» **Task brief**
From the first line to the last, set down the material exactly, leaving out its pictures.

** Opening Data to process block **

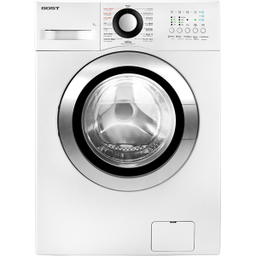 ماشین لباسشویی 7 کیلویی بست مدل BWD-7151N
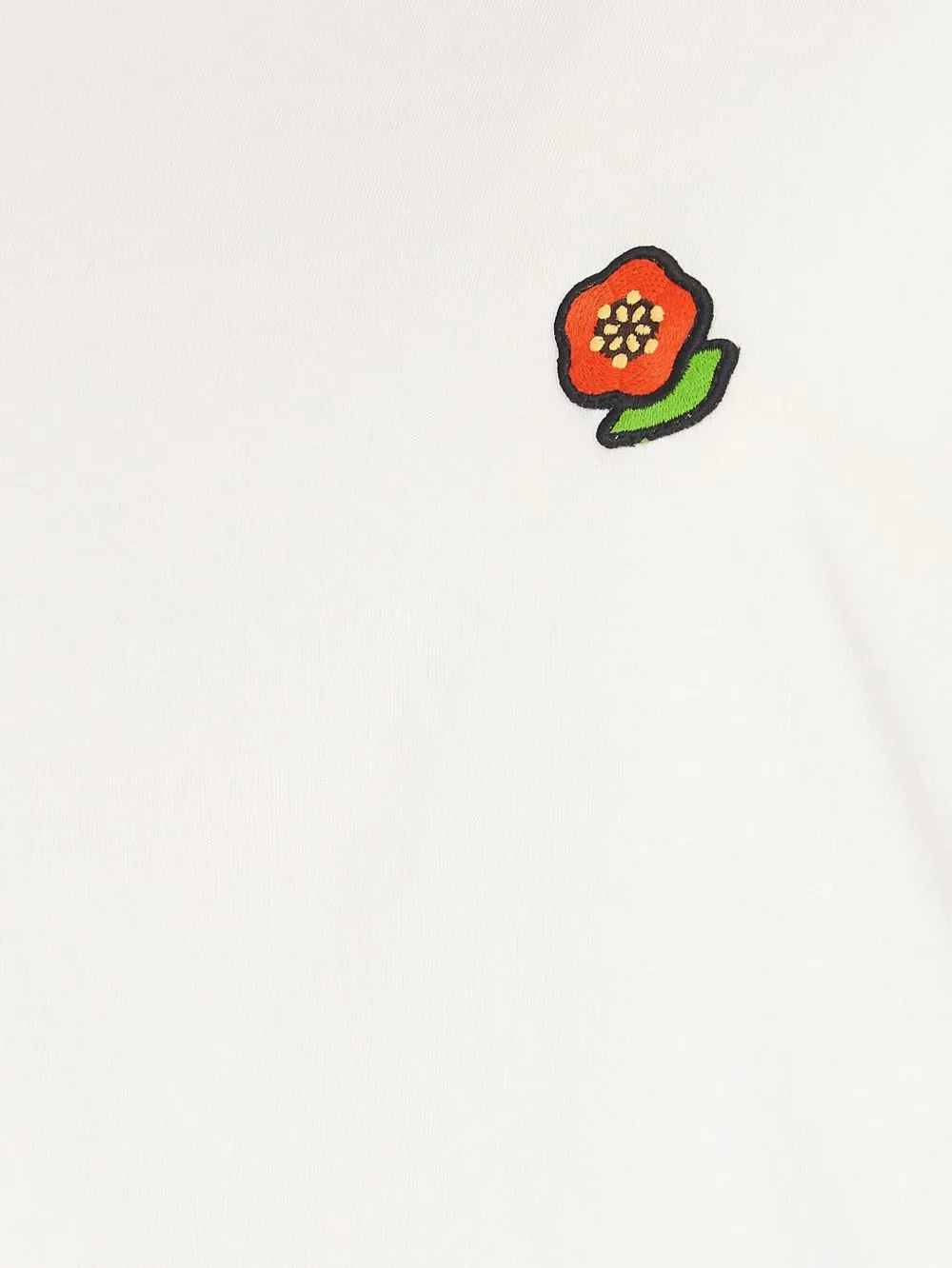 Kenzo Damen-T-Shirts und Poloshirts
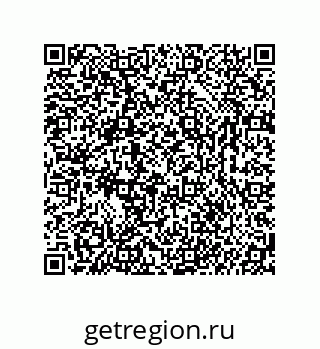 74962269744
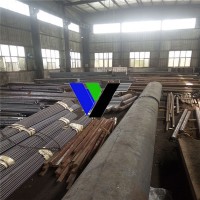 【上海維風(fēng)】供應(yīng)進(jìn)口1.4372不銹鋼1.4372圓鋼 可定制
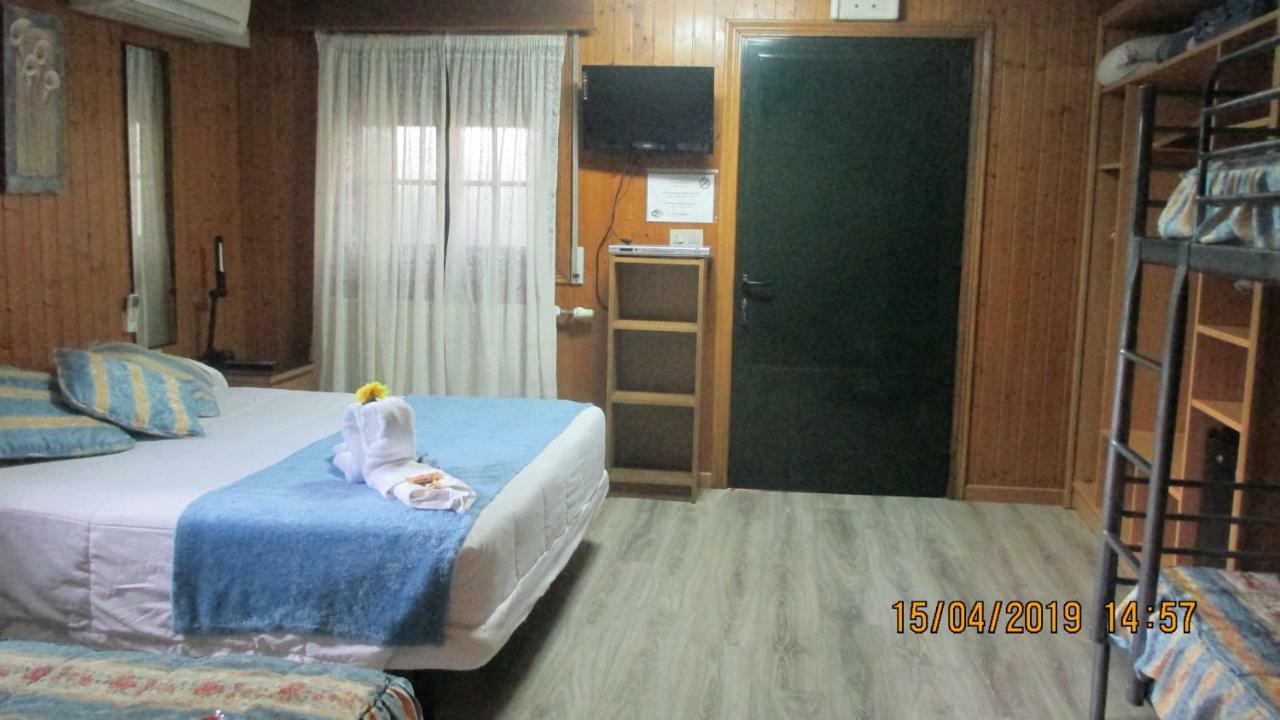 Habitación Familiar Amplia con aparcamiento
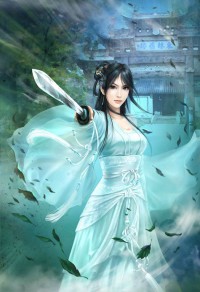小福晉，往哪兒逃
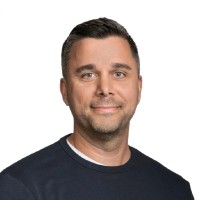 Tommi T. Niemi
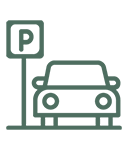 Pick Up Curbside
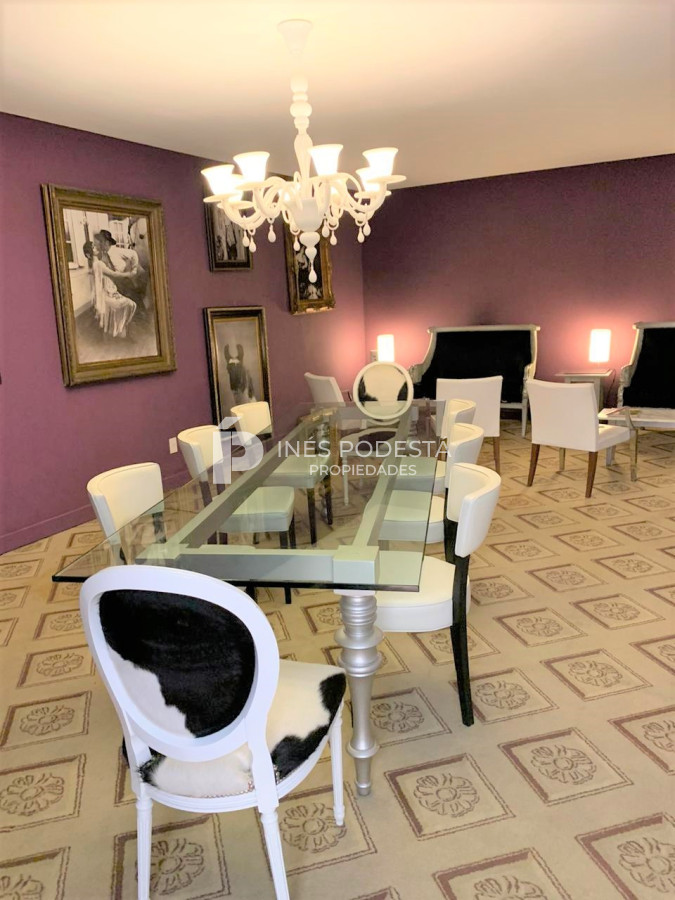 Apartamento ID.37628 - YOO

** Closing Data to process block **

» **Exercise response**
 ماشین لباسشویی 7 کیلویی بست مدل BWD-7151N
 Kenzo Damen-T-Shirts und Poloshirts
 74962269744
 【上海維風(fēng)】供應(yīng)進(jìn)口1.4372不銹鋼1.4372圓鋼 可定制
 Habitación Familiar Amplia con aparcamiento
小福晉，往哪兒逃
 Tommi T. Niemi
 Pick Up Curbside
 Apartamento ID.37628 - YOO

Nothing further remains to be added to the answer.